The Venice Commission, officially European Commission for Democracy through Law, is an advisory body of the Council of Europe, composed of independent experts in the field of constitutional law. It was created in 1990 after the fall of the Berlin Wall, at a time of urgent need for constitutional assistance in Central and Eastern Europe.

Creation 
The idea to create a Commission for Democracy through Law as a group of experts in constitutional law was conceived by the then Minister for Community Policies of Italy, Antonio Mario La Pergola. The election of the name was based on the theory of La Pergola that expressed that sustainable democracies could only be built in a constitutional framework based on the rule of law.
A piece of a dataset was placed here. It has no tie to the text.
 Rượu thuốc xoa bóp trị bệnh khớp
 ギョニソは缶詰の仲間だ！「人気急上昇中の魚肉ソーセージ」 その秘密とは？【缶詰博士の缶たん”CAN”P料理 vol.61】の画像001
The formal proposal for the creation of the commission was made by the Italian Minister of Foreign Affairs, Gianni De Michelis, who invited the other Foreign Affairs ministers of the Council of Europe to the Conference for the Creation of the European Commission for Democracy through Law that was held at the Giorgio Cini Foundation in San Giorgio Maggiore, Venice from 31 March to 1 April 1989. At this meeting, Foreign Affairs and Justice ministers reunited with representatives of the Constitutional Courts of the 21 countries of the Council of Europe.

The committee of ministers, seeking to assist the countries of Central and Eastern Europe, approved the creation of the Commission as a partial agreement at the session in Venice from 19 to 20 January 1990. The Foreign Affairs and Justice Ministers of Bulgaria, Czechoslovakia, Hungary, Poland, the German Democratic Republic, Romania, the Soviet Union and Yugoslavia also participated as observers in this meeting.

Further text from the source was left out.